Assignment:
Leave out the pictures and reproduce all of the data exactly.

Information supplied:
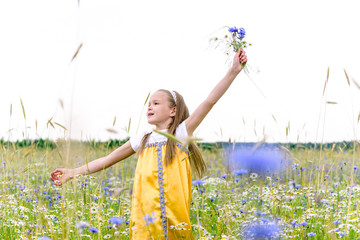 Little pretty girl in yellow Russian dress picking flowers in field of wild flowers on summer day.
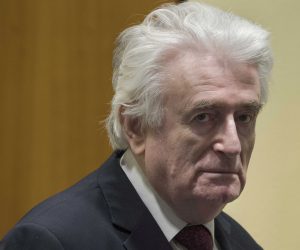 epa07450757 Former Bosnian Serb leader Radovan Karadzic enters the court room of the International Residual Mechanism for Criminal Tribunals in The Hague, Netherlands, 20 March 2019. Nearly a quarter of a century since Bosnia's devastating war ended, Karadzic is set to hear the final judgment on whether he can be held criminally responsible for unleashing a wave of murder and destruction. United Nations appeals judges will on Wednesday rule whether to uphold or overturn Karadzic's 2016 convictions for genocide, crimes against humanity and war crimes, as well as his 40-year sentence.  EPA/PETER DEJONG / POOL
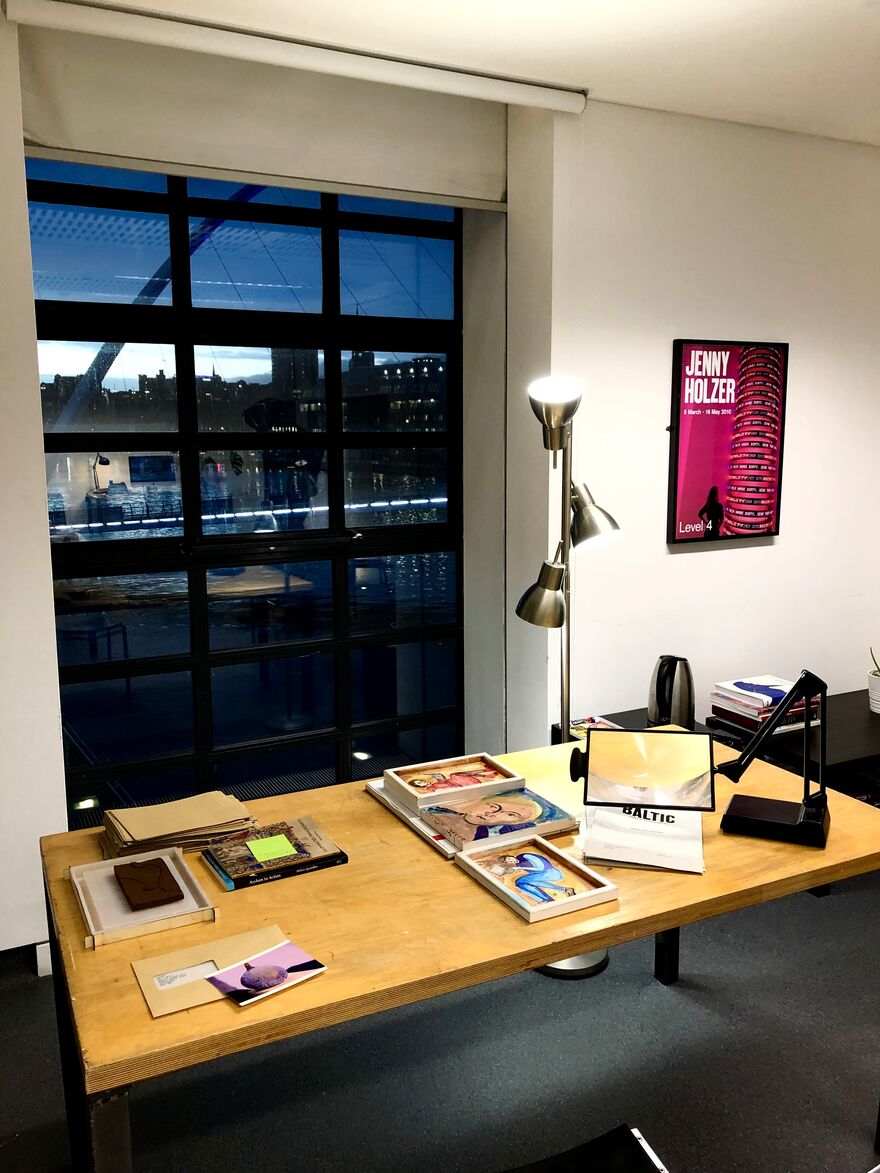 Table facing window, with artworks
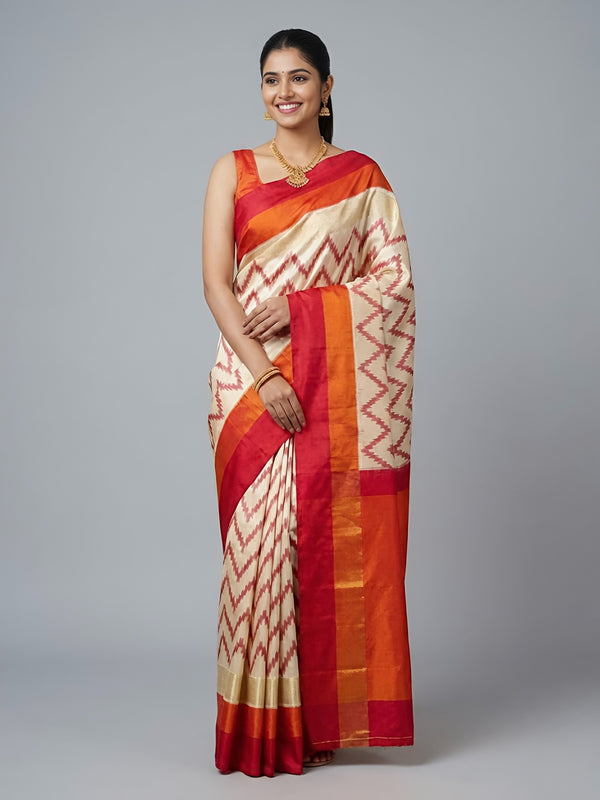 Woman wearing a red and beige saree with a gray background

Reply to the task:
 Little pretty girl in yellow Russian dress picking flowers in field of wild flowers on summer day.
 epa07450757 Former Bosnian Serb leader Radovan Karadzic enters the court room of the International Residual Mechanism for Criminal Tribunals in The Hague, Netherlands, 20 March 2019. Nearly a quarter of a century since Bosnia's devastating war ended, Karadzic is set to hear the final judgment on whether he can be held criminally responsible for unleashing a wave of murder and destruction. United Nations appeals judges will on Wednesday rule whether to uphold or overturn Karadzic's 2016 convictions for genocide, crimes against humanity and war crimes, as well as his 40-year sentence.  EPA/PETER DEJONG / POOL
 Table facing window, with artworks
 Woman wearing a red and beige saree with a gray background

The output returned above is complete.